» **WHAT IS EXPECTED**:
Within the entries below, output exactly the lines between the line containing "Besuch auf dem" and the line containing "آهنگ خدا حفظت کنه میری سفر", inclusive, and omit any picture.

» **EXERCISE MATERIAL**:
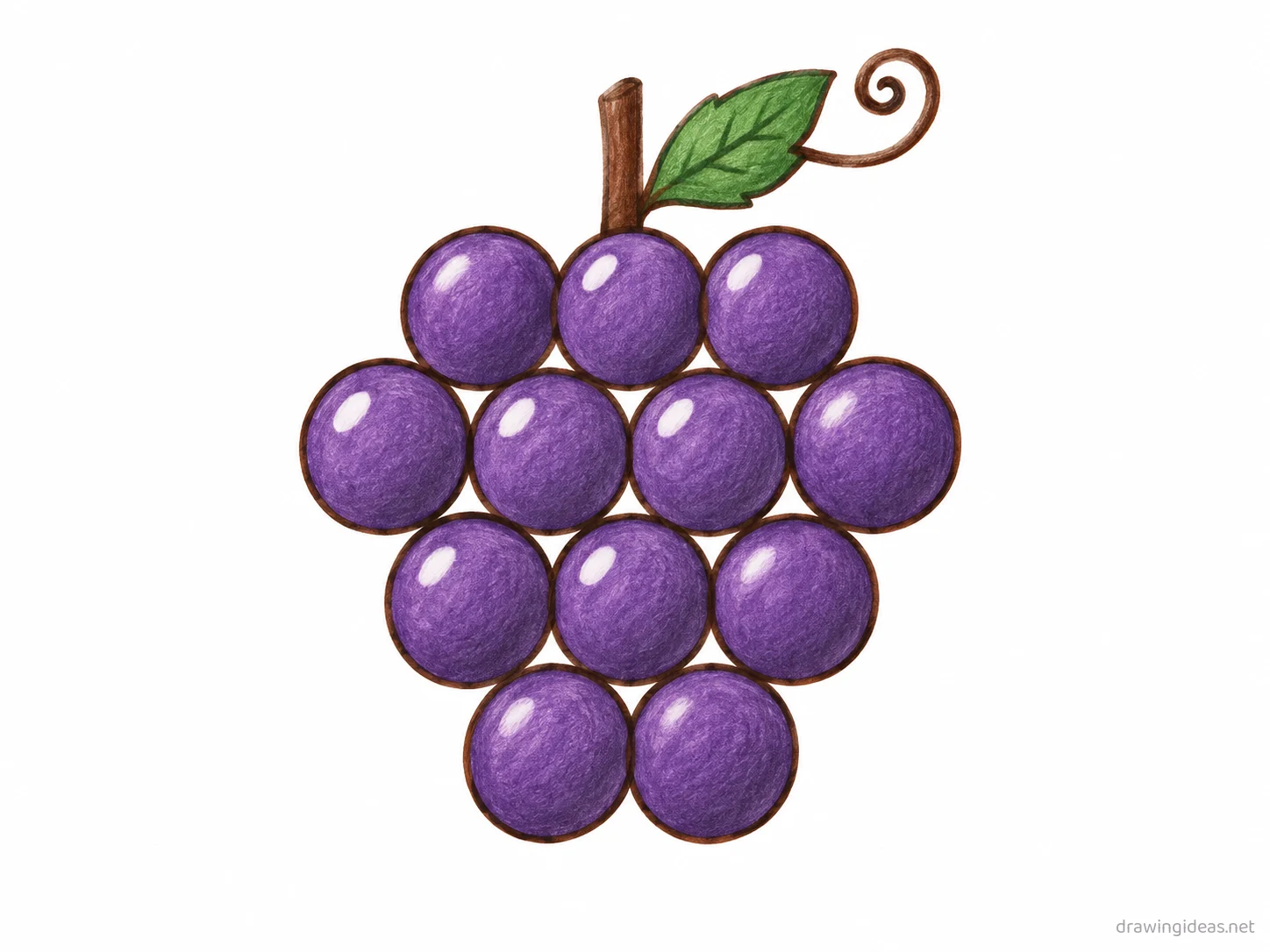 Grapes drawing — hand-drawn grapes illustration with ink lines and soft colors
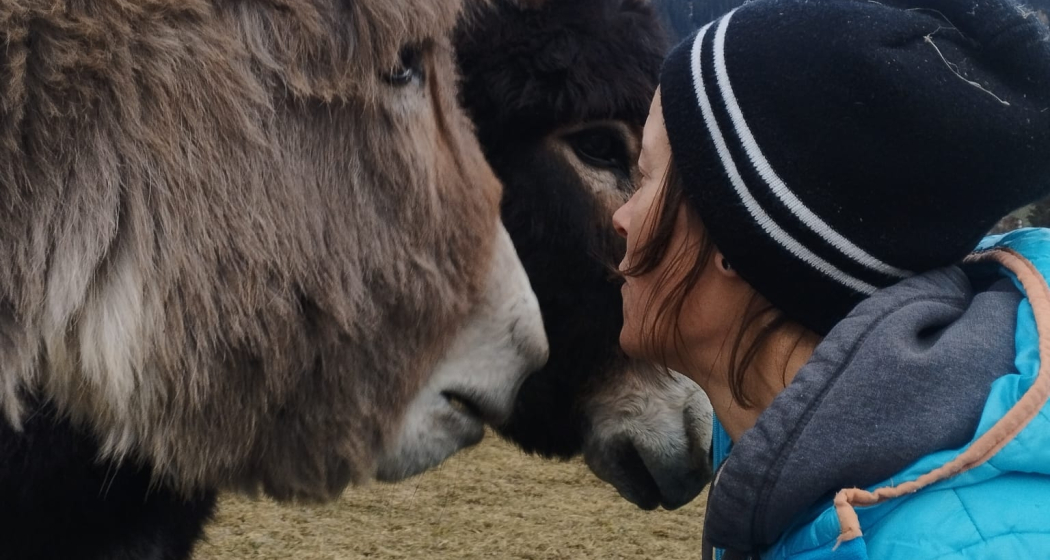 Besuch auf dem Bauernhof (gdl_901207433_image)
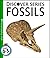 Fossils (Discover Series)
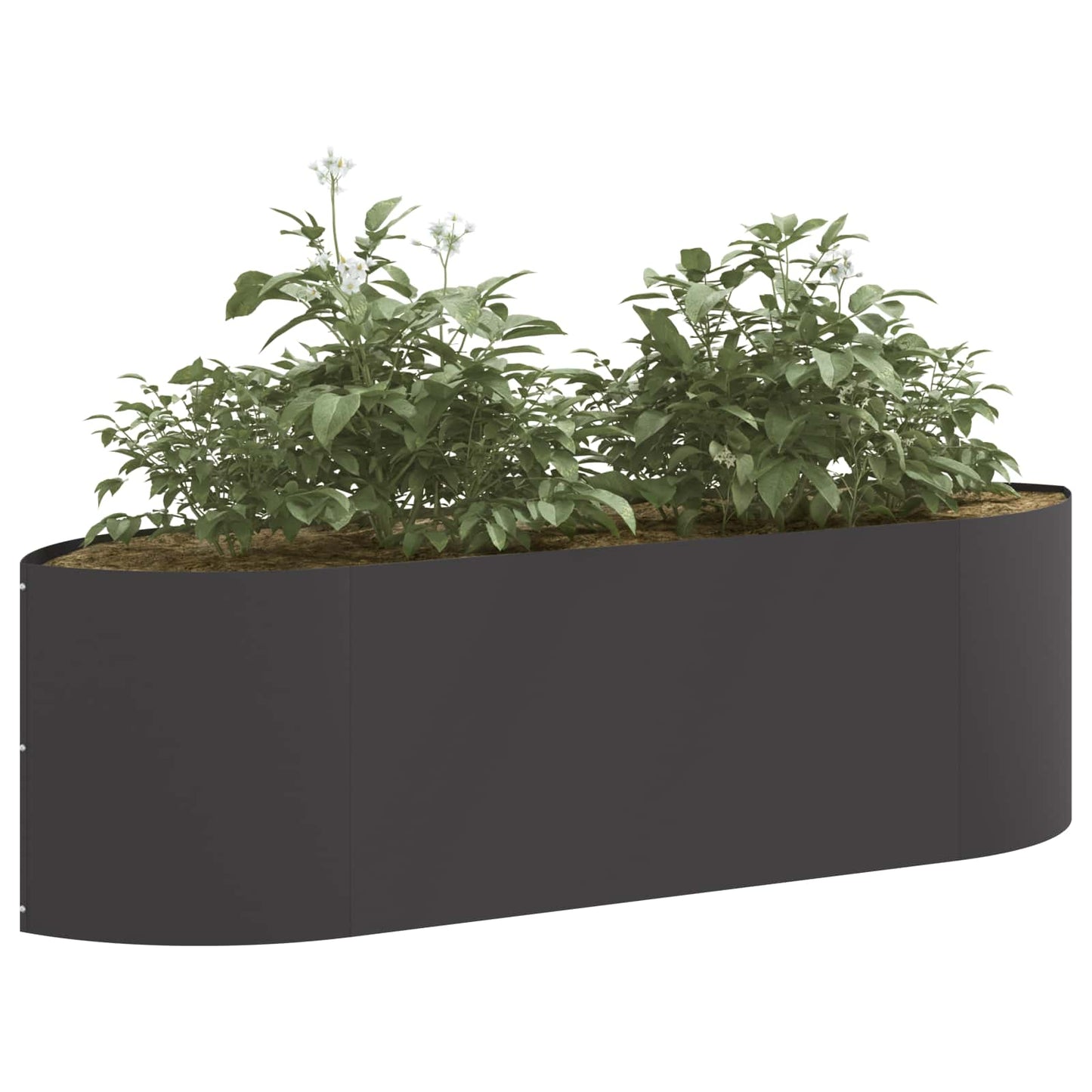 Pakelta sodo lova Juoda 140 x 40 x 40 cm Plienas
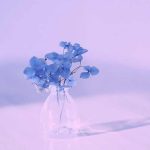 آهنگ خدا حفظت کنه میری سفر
* * *
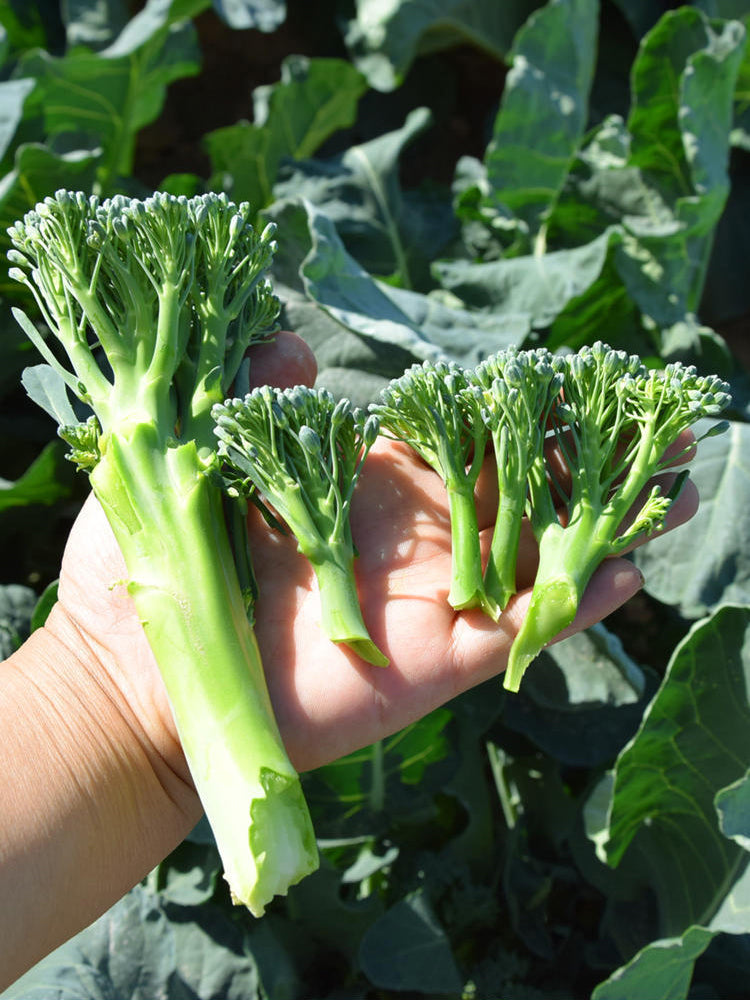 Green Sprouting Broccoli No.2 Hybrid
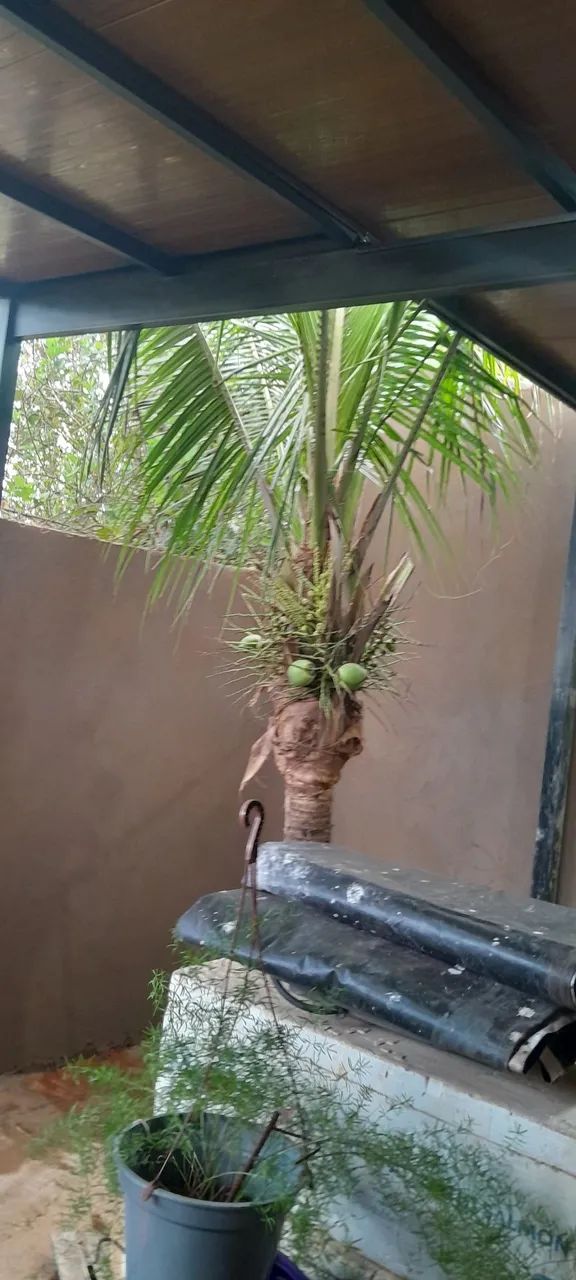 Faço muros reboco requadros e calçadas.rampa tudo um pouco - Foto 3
...
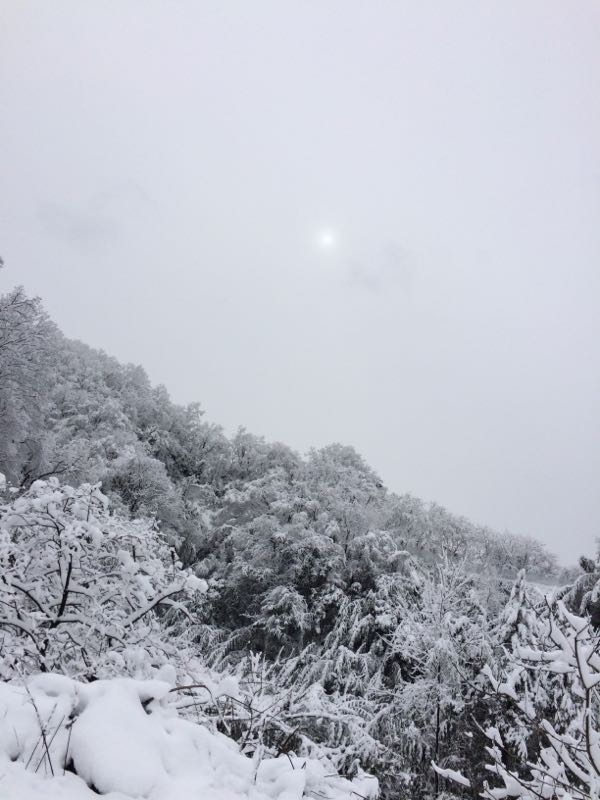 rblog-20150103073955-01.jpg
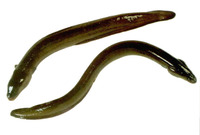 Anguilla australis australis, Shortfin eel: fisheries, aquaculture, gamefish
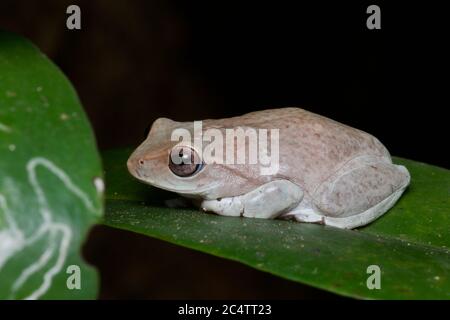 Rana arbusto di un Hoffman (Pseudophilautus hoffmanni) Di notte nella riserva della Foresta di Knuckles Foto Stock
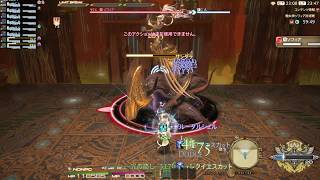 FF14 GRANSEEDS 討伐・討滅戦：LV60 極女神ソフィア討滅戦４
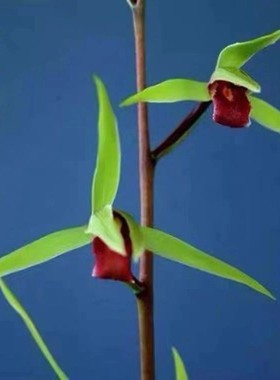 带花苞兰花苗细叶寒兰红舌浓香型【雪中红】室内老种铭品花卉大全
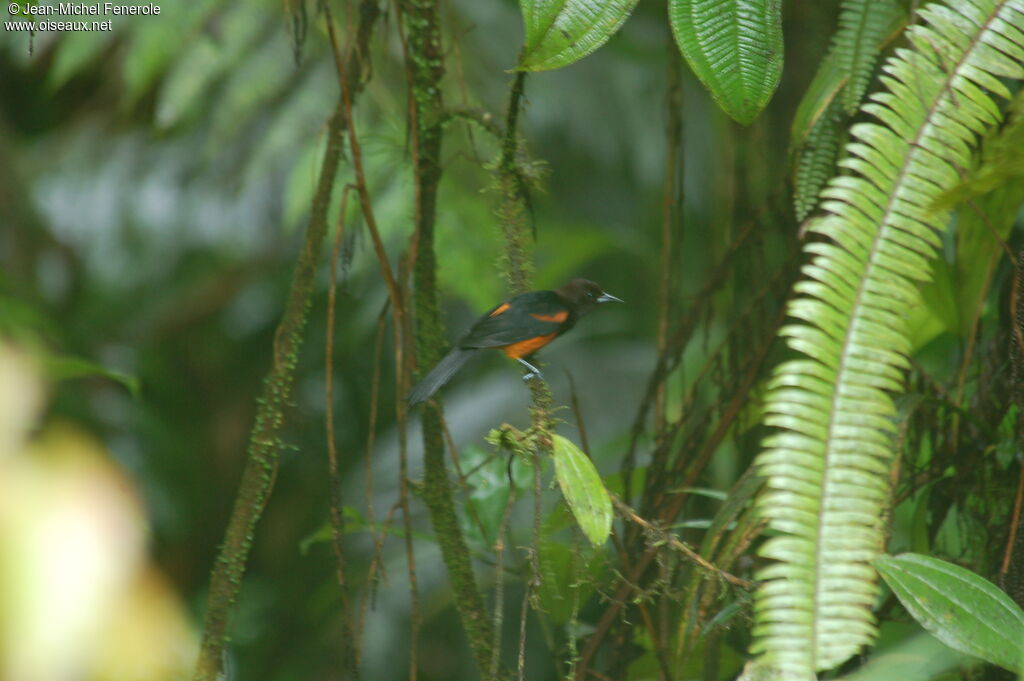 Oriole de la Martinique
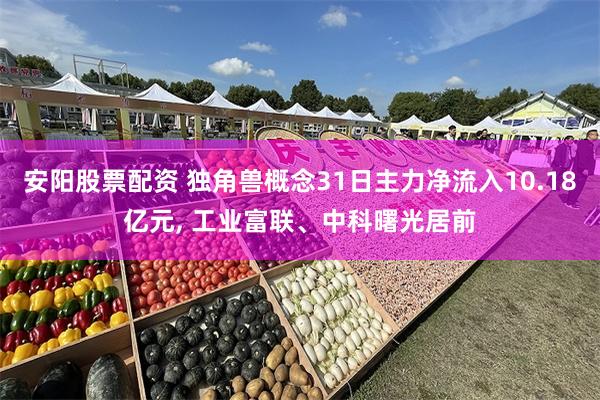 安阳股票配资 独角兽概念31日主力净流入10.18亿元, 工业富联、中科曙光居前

» **SOLUTION FOR THIS EXERCISE**:
 Besuch auf dem Bauernhof (gdl_901207433_image)
 Fossils (Discover Series)
 Pakelta sodo lova Juoda 140 x 40 x 40 cm Plienas
 آهنگ خدا حفظت کنه میری سفر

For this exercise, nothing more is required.